--- INFORMATION SUPPLIED Enclosed Below ---
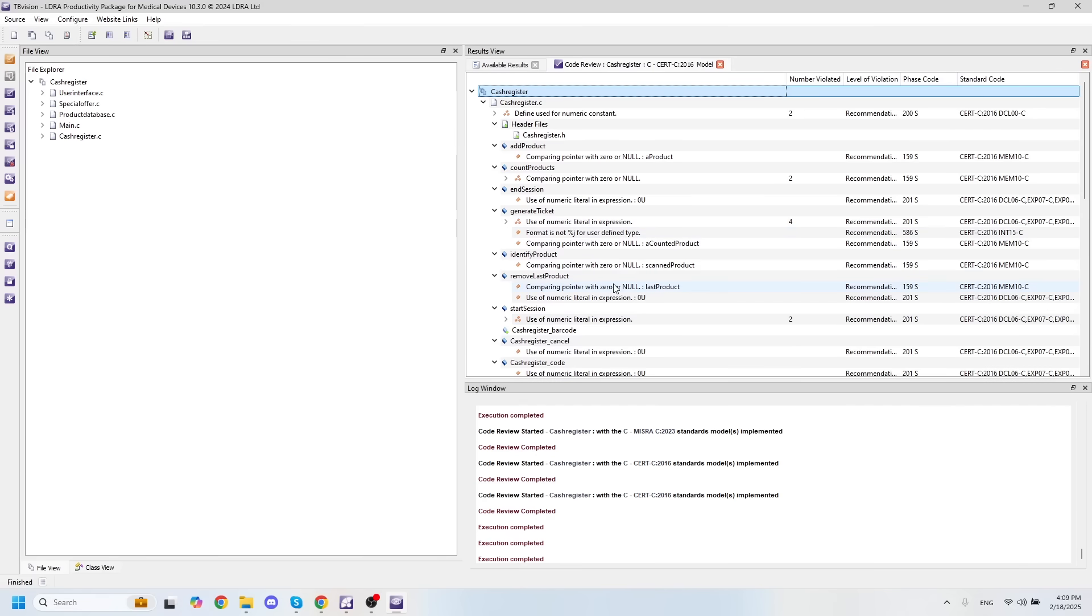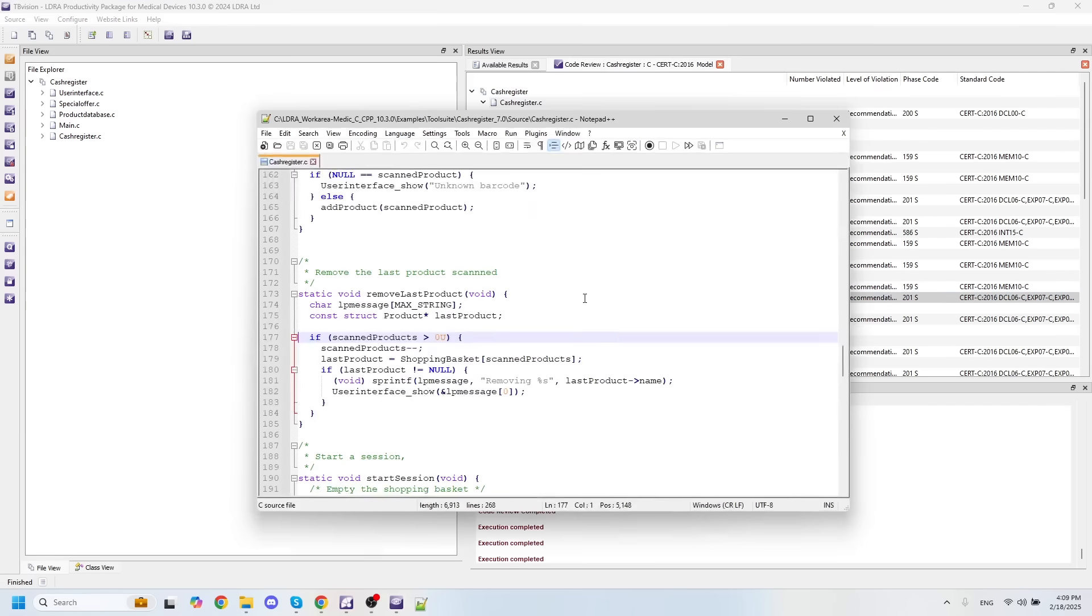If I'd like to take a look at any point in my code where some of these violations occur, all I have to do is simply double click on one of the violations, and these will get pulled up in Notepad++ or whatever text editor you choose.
--- End of Enclosed INFORMATION SUPPLIED ---
--- INFORMATION SUPPLIED Enclosed Below ---
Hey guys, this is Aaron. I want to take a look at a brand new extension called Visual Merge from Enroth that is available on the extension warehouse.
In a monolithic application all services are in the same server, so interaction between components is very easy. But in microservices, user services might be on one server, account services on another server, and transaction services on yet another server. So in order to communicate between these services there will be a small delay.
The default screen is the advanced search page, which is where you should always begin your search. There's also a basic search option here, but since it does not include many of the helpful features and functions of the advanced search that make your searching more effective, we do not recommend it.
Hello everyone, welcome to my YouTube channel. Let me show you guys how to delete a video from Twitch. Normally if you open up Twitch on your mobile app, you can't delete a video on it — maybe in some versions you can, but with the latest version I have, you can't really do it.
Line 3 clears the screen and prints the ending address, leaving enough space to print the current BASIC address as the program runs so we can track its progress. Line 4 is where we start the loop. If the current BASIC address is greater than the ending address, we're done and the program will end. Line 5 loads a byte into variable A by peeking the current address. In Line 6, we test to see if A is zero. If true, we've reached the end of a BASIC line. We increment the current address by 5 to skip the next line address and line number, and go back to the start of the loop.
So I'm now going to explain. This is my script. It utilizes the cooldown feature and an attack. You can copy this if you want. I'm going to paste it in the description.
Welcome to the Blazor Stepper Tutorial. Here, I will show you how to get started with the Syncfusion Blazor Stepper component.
--- End of Enclosed INFORMATION SUPPLIED ---
• [WHAT THE TASK REQUIRES] Search the listing above for lines containing "show", and copy them.

• [EXERCISE SOLUTION]
Hello everyone, welcome to my YouTube channel. Let me show you guys how to delete a video from Twitch. Normally if you open up Twitch on your mobile app, you can't delete a video on it — maybe in some versions you can, but with the latest version I have, you can't really do it.
Welcome to the Blazor Stepper Tutorial. Here, I will show you how to get started with the Syncfusion Blazor Stepper component.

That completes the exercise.